Iraq Crisis: When All You’ve Known Is War

This breaking episode explains what’s happening between Iran, Iraq, and the US, but also takes you behind the scenes of a conversation with Preemptive Love colleague, and friend, Ihsan Ibraheem. Ihsan has lived his whole life in Iraq. And he’s lived through what seems like countless wars. Ihsan is a father, a husband, a neighbor—and to many of us, an essential guide to making sense of the events of the last several days. Ihsan shares what it was like to wake up to the news of Iranian missiles hitting his country.

This breaking episode explains what’s happening between Iran, Iraq, and the US, but also takes you behind the scenes of a conversation with Preemptive Love colleague, and friend, Ihsan Ibraheem. Ihsan has lived his whole life in Iraq. And he’s lived through what seems like countless wars. Ihsan is a father, a husband, a neighbor—and to many of us, an essential guide to making sense of the events of the last several days. Ihsan shares what it was like to wake up to the news of Iranian missiles hitting his country.


Show Notes

This breaking episode of Love Anyway is a bit different than other time-sensitive episodes we’ve shared. While we want to give you the latest, clearest information on what’s happening between Iran, Iraq, and the US, we also want to take you behind the scenes of a conversation several of us had with our Preemptive Love colleague and friend, Ihsan Ibraheem.

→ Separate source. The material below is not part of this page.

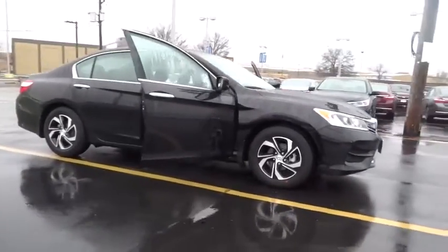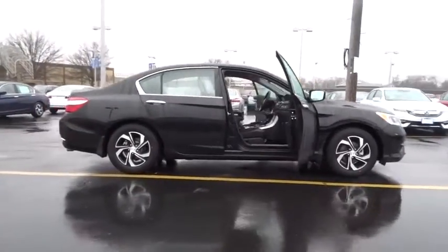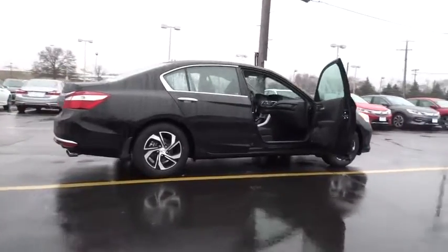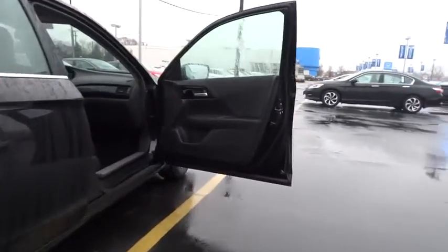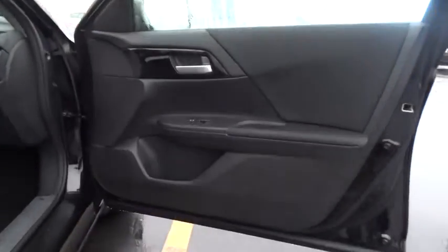2016 Accord. Ingeniously simple, yet overflowing with luxury and technological creativity. All that and more in the Accord. This vehicle has less than 100 miles.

As we hear in this episode, Ihsan has lived his whole life in Iraq. And he’s lived through what feels like countless wars.

Ihsan always makes time to listen and connect with those he meets. Photo by Charlene Winfred/Preemptive Love

Details to know:

  • Early in the morning of January 8 local time, Iran fired more than a dozen ballistic missiles at two Iraqi military bases housing US troops.
  • At the time of this recording, there are no known casualties.
  • The attack was in retaliation for the assassination of Iran’s top military commander Qasem Soleimani, who was killed in a US drone strike on January 3, near the Baghdad airport.
  • In an address on January 8, US President Trump threatened to impose new sanctions on Iran, but also suggested the current crisis is winding down.

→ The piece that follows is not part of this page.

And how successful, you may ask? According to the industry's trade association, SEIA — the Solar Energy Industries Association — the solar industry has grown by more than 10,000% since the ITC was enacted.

This episode features audio from a conversation several members of our team had with Ihsan Ibrahim, minutes before President Trump’s address. Ihsan has been part of the Preemptive Love team in Iraq for almost four years.

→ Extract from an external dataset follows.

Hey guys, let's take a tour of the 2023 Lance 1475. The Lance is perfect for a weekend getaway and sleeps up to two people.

If you’ve watched any of our recent videos, chances are you’ve seen Ihsan’s handiwork. Here, he films local farmers. But Ihsan is more than a talented filmmaker. Photo by Charlene Winfred/Preemptive Love

Quotes from this episode:

“We hope, we wish, we pray that this escalation between United States and Iran comes to a solution that brings peace to the region.”

— Ihsan Ibraheem

“Are we getting to the same kind of situation when I have to put my children on my shoulder to try to escape war?”

— Ihsan Ibraheem

Ihsan helping with a food distribution in western Iraq in April 2018. At the time, this area was still vulnerable to ISIS attacks. Photo by Ihsan Ibraheem/Preemptive Love

We will continue serving those affected by war in Iraq, Syria, and beyond. Join us.

Additional Resources

BREAKING: Unrest in Iraq (And Why We Should All Care)

Iraq is currently in the middle of political protests and the most intense period of unrest and since the rise of ISIS in 2014.

US Drone Strikes Escalate Tensions in Iraq

What are the origins of the assassination of Qasem Soleimani and Abu Mahdi al-Muhandis? What does it mean for the region, and where do we go from here?

Full Transcript

Ihsan: I mean I think what if I had to do this also with my children? Ya know, same thing, same kind of situation, war, we try to be safe, we try to get somewhere where we try to feel secure from this violence, and having my kid is who is just two years old, what if the same thing happens that happened back in time when I was a child?

MUSIC

Ben: Today’s breaking episode of Love Anyway is a bit different than other time-sensitive episodes we’ve shared. Because today, while we want to give you the latest, clearest information on what’s happening between Iran, Iraq, and the US, we also want to take you behind the scenes of a conversation several of us had with our Preemptive Love colleague, and friend, Ihsan Ibraheem. Ihsan has lived his whole life in Iraq. And he’s lived through what seems like countless wars.  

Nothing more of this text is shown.